### Records for this exercise

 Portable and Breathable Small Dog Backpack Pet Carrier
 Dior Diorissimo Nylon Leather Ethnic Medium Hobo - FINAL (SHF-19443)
* * *
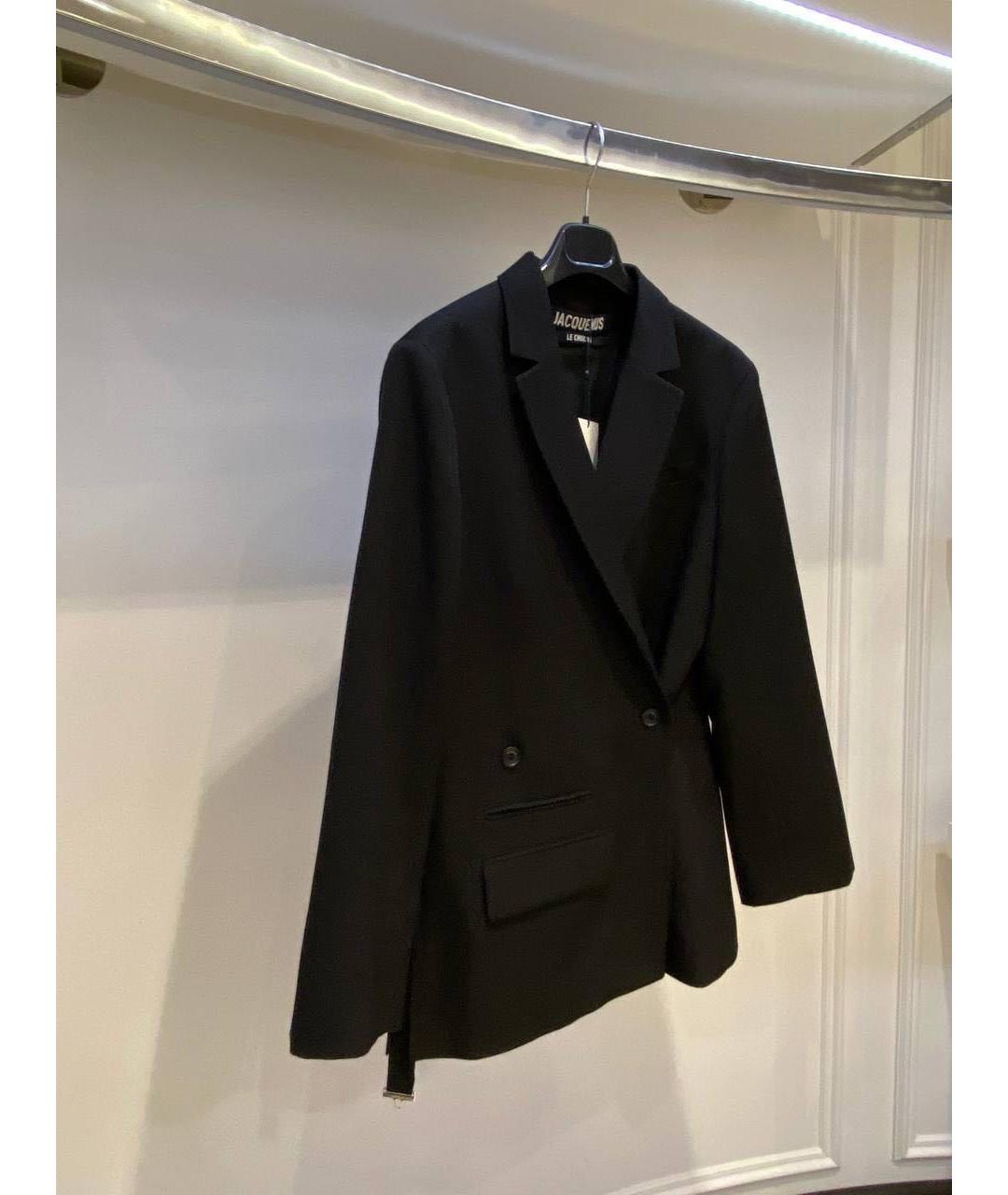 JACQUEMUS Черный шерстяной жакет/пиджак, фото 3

### Exercise requirements
For this exercise, repeat exactly the lines of the data above from the one with "Portable and Breathable" down to the one with "Dior Diorissimo Nylon", both end lines included.

### Reply
 Portable and Breathable Small Dog Backpack Pet Carrier
 Dior Diorissimo Nylon Leather Ethnic Medium Hobo - FINAL (SHF-19443)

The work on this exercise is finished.